I have heard many sermons on people in the Bible and their great faith, but often what we forget is that their great faith came through or out of great struggle. People have often said to me in different seasons of my life, you are a woman of faith. Maybe it was because I was the crazy girl, who put her notice on her apartment with no place else to live. I was the one who would go to a restaurant with others and wait for God to put it on someone’s heart to cover my meal, because I didn’t have the money to pay. I was also the one that when God said give your computer away and trust God that He would provide another. I did and saw Him provide one even better. I don’t say all these things to make it seem like I am someone super spiritual or that it came easy. What most people don’t know is that this season of faith for finances and trust in what God could provide didn’t come without struggle. Right before this season of faith, I had no consistent paying job, I had gotten sick with no healthcare, I was experiencing extreme spiritual warfare and had become depressed and wanted to give up. It wasn’t until one day as I was driving in my car that God said to me, “Have I ever left you or forsaken you?” I had to come to a place where I realized that I couldn’t deny this statement, when I looked back over my life I couldn’t think of one moment where God had left me. It wasn’t that I didn’t feel discouraged or let down, but I couldn’t say that in the end of past experiences that God had left me or forsaken me even if it felt like he had. I realized that my faith wasn’t based on feelings, it was based on who God is, was and says he is in His word. If Noah would have waited until he felt like building an ark, or when he waited for people’s approval of what he was doing, the ark may have never gotten built. I’m sure there were moments of doubt and discouragement, but I believe these are the moments that he also had to choose to move forward in faith despite his feelings. He simply had to go on what God told him and who God was.

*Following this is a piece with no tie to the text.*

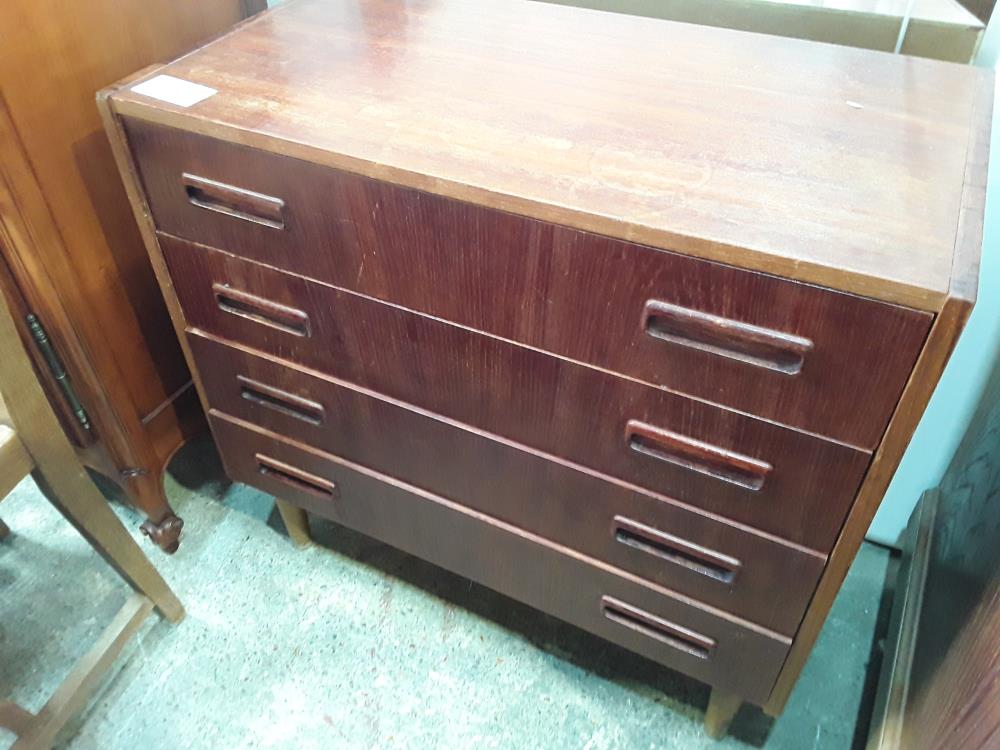 COMMODE  VINTAGE PLATEAU TACHE ET DEFAUT COTE 4 TIROIRS TEINTE ACAJOU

I am facing a similar season of struggle currently. I had stepped out to write about 6 months ago and found that the moment I began to write, circumstances began to come against me, trials in my family, sickness, fear, discouragement. I wanted to give up completely and all I had done was one blog post. The spiritual warfare beginning this process had made me want to give up many times and never touch it again if I were completely honest. Noah who didn’t give up after the first few months of building the ark, reminded me that I don’t have to either. I’m sure he had setbacks and fear in the process. What if I build this thing and nothing ever happens? I will look like a fool. For me it is what if I write and nothing ever comes of this. I remain some anonymous blog writer or never actually publish anything. What if my writing stinks and doesn’t inspire anyone? OR…what if it does? I believe faith is building the ark in the face of fear, anxiety, uncertainty, doubt and difficult circumstances. It is feeling those things. It is feeling them and then moving ahead even while you feel them. It’s believing that the same God who helped Noah is the same God who will help you and I. It isn’t avoiding the things that bring fear, but doing them in spite and through the fear. It isn’t waiting for the perfect environment or circumstances, it is doing it imperfectly and trusting that God will make a way. It is having the most faithless filled days, months and years and yet still moving forward. My steps of faith might not look like your steps of faith, but the process leading up to these moments could be laden with similarities. My prayer is that it will inspire you that you too can be a person of great faith despite what you may be feeling and where you are.